--- Supplied data ---

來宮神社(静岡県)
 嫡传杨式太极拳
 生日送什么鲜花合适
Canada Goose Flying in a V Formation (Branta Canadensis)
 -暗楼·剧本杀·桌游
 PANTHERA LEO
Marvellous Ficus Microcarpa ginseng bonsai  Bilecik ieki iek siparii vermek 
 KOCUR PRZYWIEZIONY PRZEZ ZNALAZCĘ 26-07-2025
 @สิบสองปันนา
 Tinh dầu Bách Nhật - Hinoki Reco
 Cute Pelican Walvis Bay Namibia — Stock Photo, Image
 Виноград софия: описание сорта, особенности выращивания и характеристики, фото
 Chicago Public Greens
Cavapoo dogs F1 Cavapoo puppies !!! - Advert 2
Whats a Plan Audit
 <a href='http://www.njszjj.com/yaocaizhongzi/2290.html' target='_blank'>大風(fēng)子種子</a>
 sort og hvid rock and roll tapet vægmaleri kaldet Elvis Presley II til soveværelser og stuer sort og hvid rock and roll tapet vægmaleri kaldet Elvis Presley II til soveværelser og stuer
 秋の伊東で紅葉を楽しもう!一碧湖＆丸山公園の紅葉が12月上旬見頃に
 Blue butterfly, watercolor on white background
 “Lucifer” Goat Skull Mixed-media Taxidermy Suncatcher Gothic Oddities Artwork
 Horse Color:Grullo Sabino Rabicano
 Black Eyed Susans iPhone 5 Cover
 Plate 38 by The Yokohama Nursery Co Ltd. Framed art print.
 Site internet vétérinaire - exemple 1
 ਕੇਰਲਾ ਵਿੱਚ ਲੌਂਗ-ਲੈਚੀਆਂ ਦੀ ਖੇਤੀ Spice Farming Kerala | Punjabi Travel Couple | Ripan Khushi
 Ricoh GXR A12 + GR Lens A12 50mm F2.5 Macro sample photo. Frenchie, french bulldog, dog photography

---

> _To do_
Look back at the data above. Transcribe exactly the lines starting at the line that contains "秋の伊東で紅葉を楽しもう!一碧湖＆丸山公園の紅葉が12月上旬見頃に" and ending at the line that contains "Site internet vétérinaire - exemple 1".

> _Solution for this exercise_
 秋の伊東で紅葉を楽しもう!一碧湖＆丸山公園の紅葉が12月上旬見頃に
 Blue butterfly, watercolor on white background
 “Lucifer” Goat Skull Mixed-media Taxidermy Suncatcher Gothic Oddities Artwork
 Horse Color:Grullo Sabino Rabicano
 Black Eyed Susans iPhone 5 Cover
 Plate 38 by The Yokohama Nursery Co Ltd. Framed art print.
 Site internet vétérinaire - exemple 1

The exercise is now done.